Die fünf Warnsignale
Erstes Anzeichen: Sie können nicht auf Anhieb sagen, wie viele Belege diese Woche eingegangen sind, ohne mehrere Systeme zu öffnen. Zweites Anzeichen: Neue Mitarbeiter brauchen Wochen, um zu verstehen, wo welche Information steht — weil es keine klare, dokumentierte Struktur gibt.
Drittes Anzeichen: Wiedervorlagen passieren nur, wenn jemand sich zufällig daran erinnert. Viertes: Mandanten warten Tage auf eine Rückmeldung, weil eingehende Unterlagen erst händisch gesichtet werden müssen.
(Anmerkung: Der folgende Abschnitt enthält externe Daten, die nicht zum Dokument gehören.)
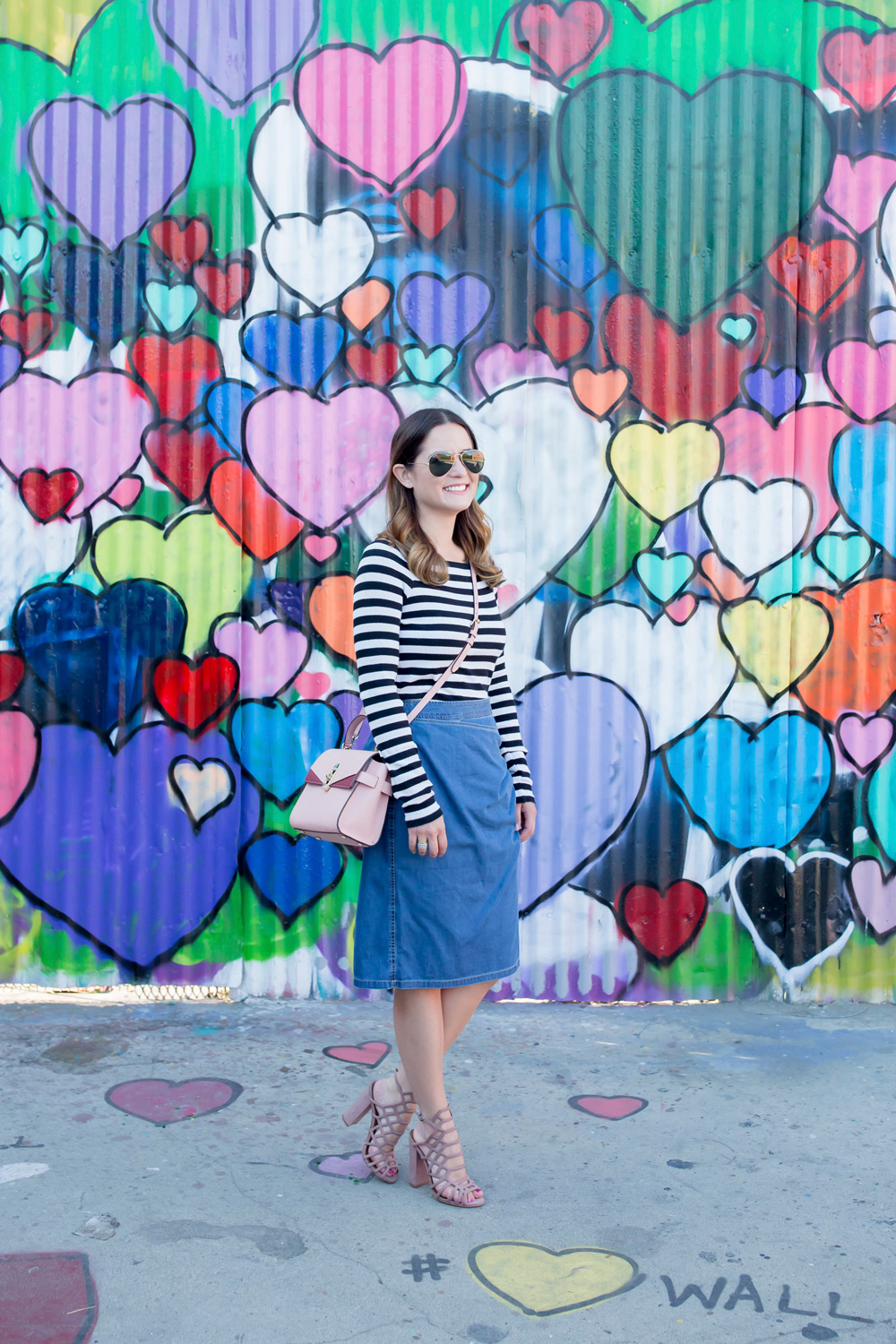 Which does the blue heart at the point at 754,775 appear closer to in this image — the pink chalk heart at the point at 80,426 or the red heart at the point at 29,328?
the pink chalk heart at the point at 80,426

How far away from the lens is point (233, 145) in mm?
4141

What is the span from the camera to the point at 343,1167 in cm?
290

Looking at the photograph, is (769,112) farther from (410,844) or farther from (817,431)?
(410,844)

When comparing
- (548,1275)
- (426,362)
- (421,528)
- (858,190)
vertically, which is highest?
(858,190)

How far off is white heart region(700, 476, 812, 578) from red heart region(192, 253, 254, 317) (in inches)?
74.5

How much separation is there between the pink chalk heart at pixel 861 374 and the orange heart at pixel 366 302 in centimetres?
169

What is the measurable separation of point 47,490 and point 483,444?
1.66 meters

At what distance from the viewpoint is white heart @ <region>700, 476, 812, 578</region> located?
13.8 ft

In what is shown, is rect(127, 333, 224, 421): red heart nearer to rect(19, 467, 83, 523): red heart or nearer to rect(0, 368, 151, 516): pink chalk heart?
rect(0, 368, 151, 516): pink chalk heart

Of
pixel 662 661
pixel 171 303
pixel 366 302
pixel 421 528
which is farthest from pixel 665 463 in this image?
pixel 171 303

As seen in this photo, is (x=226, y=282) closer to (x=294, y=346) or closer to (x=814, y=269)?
(x=294, y=346)

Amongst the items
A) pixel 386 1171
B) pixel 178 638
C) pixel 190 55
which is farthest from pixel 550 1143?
pixel 190 55

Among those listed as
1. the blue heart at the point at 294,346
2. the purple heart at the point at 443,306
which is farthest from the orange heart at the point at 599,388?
the blue heart at the point at 294,346

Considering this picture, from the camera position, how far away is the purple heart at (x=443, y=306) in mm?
4160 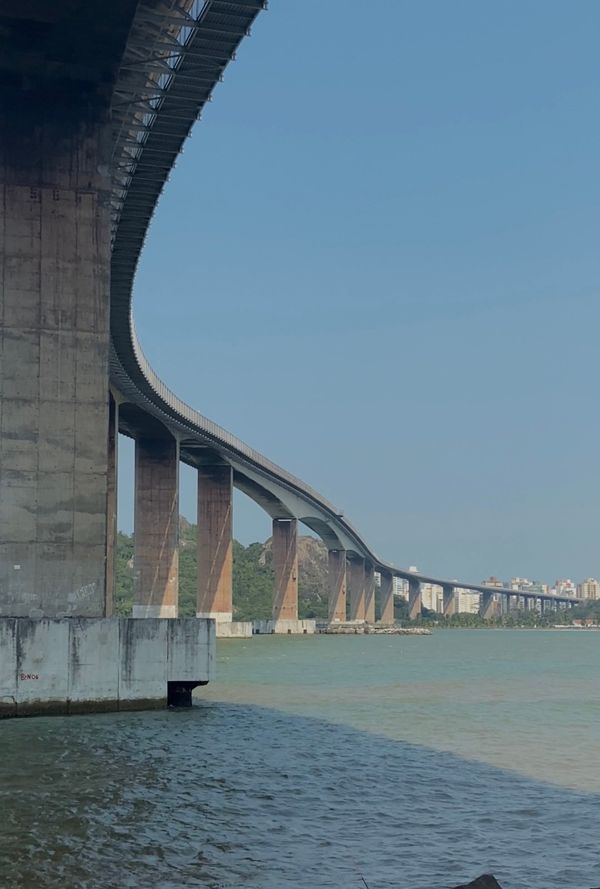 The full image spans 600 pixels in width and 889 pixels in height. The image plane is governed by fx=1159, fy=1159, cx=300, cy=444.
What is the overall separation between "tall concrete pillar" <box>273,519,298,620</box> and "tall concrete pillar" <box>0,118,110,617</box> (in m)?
116

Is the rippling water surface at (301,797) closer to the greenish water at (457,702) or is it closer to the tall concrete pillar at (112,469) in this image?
the greenish water at (457,702)

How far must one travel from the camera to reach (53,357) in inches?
1467

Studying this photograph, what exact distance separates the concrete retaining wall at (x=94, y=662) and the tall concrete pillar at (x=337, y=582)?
5957 inches

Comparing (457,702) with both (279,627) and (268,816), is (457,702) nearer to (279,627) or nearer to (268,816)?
(268,816)

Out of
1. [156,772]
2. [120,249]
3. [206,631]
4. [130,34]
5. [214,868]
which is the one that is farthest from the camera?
[120,249]

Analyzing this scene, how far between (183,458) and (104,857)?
110000mm

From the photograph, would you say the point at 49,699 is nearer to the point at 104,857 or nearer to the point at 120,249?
the point at 104,857

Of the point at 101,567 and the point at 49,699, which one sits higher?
the point at 101,567

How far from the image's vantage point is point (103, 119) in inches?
1535

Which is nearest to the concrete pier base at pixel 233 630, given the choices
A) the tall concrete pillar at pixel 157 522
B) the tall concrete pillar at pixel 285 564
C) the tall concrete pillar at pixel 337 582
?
the tall concrete pillar at pixel 157 522

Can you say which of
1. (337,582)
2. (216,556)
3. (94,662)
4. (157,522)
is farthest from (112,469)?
(337,582)

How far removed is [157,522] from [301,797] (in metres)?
87.2

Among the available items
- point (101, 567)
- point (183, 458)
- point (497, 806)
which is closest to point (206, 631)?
point (101, 567)

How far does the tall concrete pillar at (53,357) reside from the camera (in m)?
36.3
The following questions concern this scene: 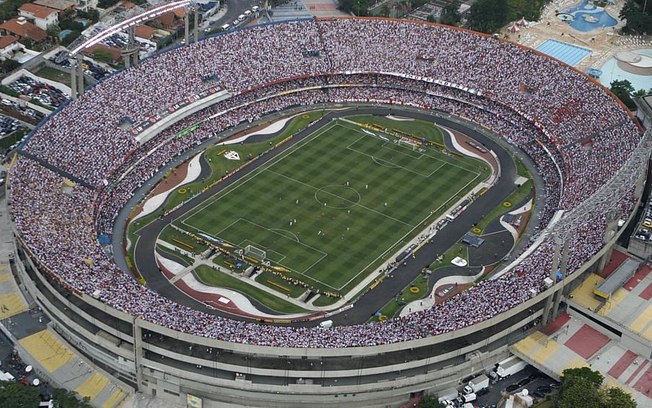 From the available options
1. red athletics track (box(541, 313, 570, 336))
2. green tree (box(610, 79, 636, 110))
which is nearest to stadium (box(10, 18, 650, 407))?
red athletics track (box(541, 313, 570, 336))

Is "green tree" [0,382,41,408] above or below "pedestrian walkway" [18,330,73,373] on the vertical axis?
above

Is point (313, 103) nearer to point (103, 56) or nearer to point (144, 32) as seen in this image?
point (103, 56)

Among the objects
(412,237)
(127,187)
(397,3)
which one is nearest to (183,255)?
(127,187)

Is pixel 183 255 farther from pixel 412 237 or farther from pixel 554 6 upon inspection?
pixel 554 6

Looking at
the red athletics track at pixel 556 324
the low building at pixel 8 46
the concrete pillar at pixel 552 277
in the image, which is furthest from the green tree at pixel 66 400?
the low building at pixel 8 46

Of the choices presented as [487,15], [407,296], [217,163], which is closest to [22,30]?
[217,163]

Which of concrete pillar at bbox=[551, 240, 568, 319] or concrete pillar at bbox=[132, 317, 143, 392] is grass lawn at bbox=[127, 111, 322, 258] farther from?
concrete pillar at bbox=[551, 240, 568, 319]

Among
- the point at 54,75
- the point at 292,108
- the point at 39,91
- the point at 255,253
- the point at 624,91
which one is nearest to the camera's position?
the point at 255,253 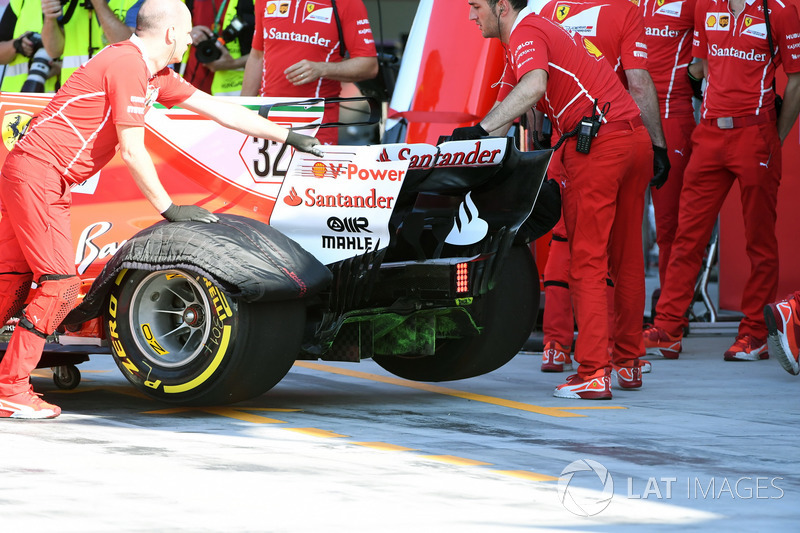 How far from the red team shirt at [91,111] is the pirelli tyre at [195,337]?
54 centimetres

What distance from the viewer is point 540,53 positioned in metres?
6.21

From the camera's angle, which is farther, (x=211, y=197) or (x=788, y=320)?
(x=788, y=320)

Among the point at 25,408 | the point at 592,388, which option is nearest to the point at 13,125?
the point at 25,408

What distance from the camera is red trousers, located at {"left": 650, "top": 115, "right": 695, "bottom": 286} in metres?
8.91

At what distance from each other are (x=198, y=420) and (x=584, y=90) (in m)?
2.45

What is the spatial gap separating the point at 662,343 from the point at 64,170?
14.2ft

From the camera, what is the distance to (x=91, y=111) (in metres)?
5.57

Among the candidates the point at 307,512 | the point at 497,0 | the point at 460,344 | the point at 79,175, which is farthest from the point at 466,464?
the point at 497,0

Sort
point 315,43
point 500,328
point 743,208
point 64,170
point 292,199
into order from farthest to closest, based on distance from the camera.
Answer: point 743,208 < point 315,43 < point 500,328 < point 292,199 < point 64,170

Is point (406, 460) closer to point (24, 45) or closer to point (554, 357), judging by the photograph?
point (554, 357)

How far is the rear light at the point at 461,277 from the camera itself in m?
5.67

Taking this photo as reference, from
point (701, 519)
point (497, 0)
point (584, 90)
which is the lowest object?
point (701, 519)

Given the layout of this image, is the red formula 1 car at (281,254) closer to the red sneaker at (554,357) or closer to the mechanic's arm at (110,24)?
the red sneaker at (554,357)

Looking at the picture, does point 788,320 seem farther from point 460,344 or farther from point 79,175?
point 79,175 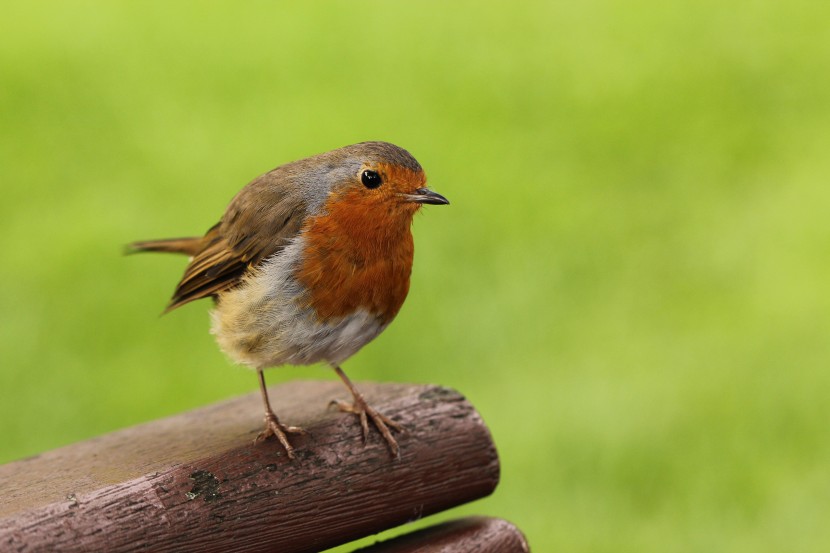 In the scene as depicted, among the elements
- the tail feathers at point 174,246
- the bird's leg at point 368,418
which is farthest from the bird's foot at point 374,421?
the tail feathers at point 174,246

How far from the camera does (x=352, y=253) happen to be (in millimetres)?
3158

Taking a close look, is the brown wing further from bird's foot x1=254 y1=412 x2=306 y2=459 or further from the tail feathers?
bird's foot x1=254 y1=412 x2=306 y2=459

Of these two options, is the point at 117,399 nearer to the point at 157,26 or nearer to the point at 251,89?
the point at 251,89

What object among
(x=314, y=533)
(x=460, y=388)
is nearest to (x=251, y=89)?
(x=460, y=388)

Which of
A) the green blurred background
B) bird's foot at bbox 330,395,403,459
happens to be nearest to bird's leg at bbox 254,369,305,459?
bird's foot at bbox 330,395,403,459

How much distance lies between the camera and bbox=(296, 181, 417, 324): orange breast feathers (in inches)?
124

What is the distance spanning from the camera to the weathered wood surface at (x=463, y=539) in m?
2.96

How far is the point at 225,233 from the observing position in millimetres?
3531

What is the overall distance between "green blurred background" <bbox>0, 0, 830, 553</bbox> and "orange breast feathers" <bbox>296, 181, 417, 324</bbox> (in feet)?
6.95

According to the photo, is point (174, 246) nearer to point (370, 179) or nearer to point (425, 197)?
point (370, 179)

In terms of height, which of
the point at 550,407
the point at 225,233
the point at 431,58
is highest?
the point at 431,58

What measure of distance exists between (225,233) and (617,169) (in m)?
4.07

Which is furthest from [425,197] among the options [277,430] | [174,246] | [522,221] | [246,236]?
[522,221]

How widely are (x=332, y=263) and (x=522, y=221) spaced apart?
11.7 feet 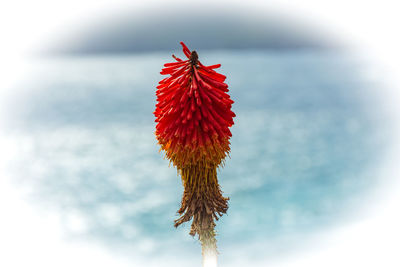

Fünftes und vielleicht wichtigstes Anzeichen: Sie haben das Gefühl, die Software zu bedienen, statt dass sie Ihnen dient.
Die gute Nachricht: Es liegt selten an DATEV selbst
In den meisten Fällen liegt das nicht an DATEV selbst, sondern an fehlenden Automatisierungen drumherum — Uploads, die nicht angebunden sind, Workflows, die fehlen, Zuständigkeiten, die nicht klar definiert sind. Das lässt sich beheben, ohne das System zu wechseln, etwa durch ein gezieltes Automatisierungsprojekt.